The minister’s stories were the kind that cause the same two reactions that people in bible times had to Jesus. Either this is really God or that guy’s totally lost his rational mind.

The preacher admitted that he himself had remained sceptical until he collected more evidence, but that he eventually became convinced that God does things that don't necessarily make sense to us. His thesis was that we should avoid scornfully dismissing what others do or say before we consider whether it could be of God. We can't confine the Eternal One to our comfy Sunday rituals or familiar traditions. 

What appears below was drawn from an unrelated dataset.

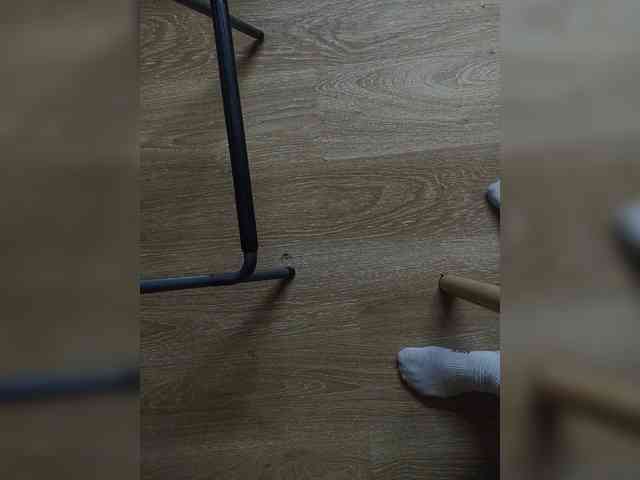 Nepechalka webcam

I had a hard time sitting quietly in my pew as I thought, “There She is again!”
I sensed the One who is greater than the internet, the One capable of attending to every human being simultaneously, not to offer clear answers like a search engine, but to interact with each one of us intentionally, like the wisest of coaches. If we're willing, it seems that God shows us how to change for the better, enlivening us to add love and justice to our corner of the planet, just as the members of this local church were doing.
Instead of scolding me for not hanging in there at any church right now, apparently God looked with love on my hopeless disillusionment and surprised me with this visit to one church that seemed to be serious about following Jesus. These Christians didn’t only put up a lawn sign that stated their commitment, they also hosted a free art show for local artists, staffed an overnight shelter and diningroom for homeless folks and provided sermons that warned pew-sitters not to be judgemental. 

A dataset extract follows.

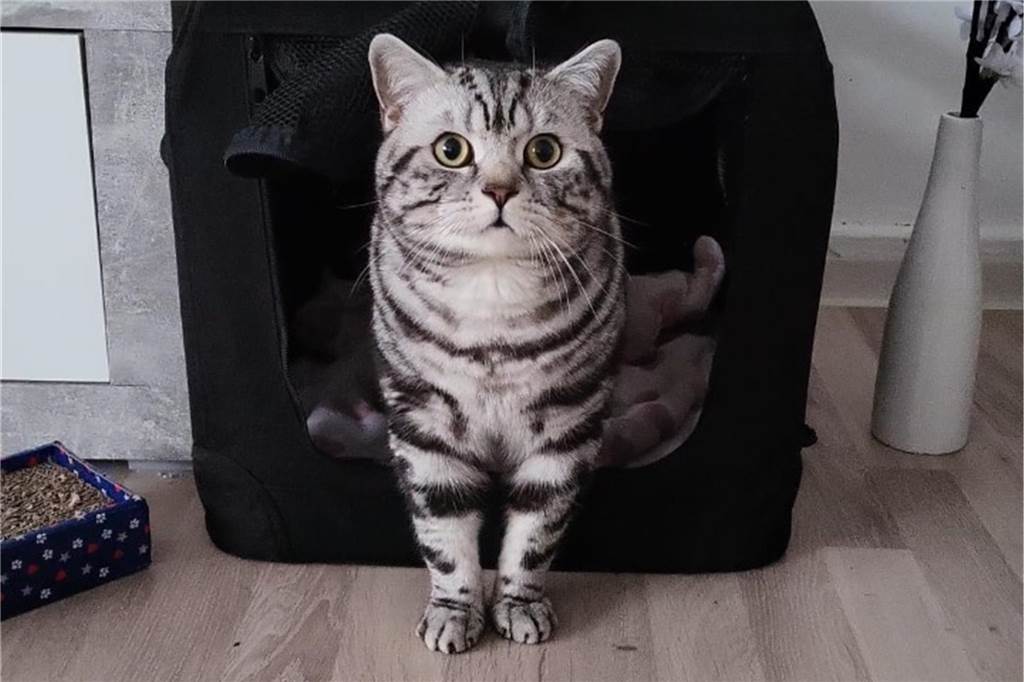 Eine British Kurzhaar Katze.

Is my thinking so simplistic and self-focussed that I imagine the Source of Life arranged a special church service in California for this Torontonian on the one Sunday in February, 2014 when I'd be at La Jolla Lutheran? Haven't I noticed that  there are important global issues that need divine intervention?
There you have the paradoxical mystery of Christian belief. God, who is beyond human understanding, uses every way, in every place and time, to whisper to every person,
"Here I am. My love for you is endless. If you look for me, you will find me. I intend to heal creation and I hope you will join me. Follow Jesus." 

Maybe, on that morning in delightful San Diego, my eyes and ears were wider open than usual. The Pacific's gorgeous surf roared nearby and days earlier I’d been stunned by the miracle of tiny streams trickling through the vast stony desert at Borrego Springs. It was easy for my vacationing heart to well with gratitude and delight. There She was again, God's invisible self, in a church building, of all places.

It’s harder to feel the same joy and confidence when I'm writing today in my Toronto basement during freezing winter weather (yes, still). And, yes, I still don't know a local church where I would fit in. But as I endure the annual wait for Spring's green uprising, I’m remembering the hard truth described in Hebrews 11:1,
"Faith is the assurance 
that what we hope for will come about, 
and the certainty that what we cannot see exists."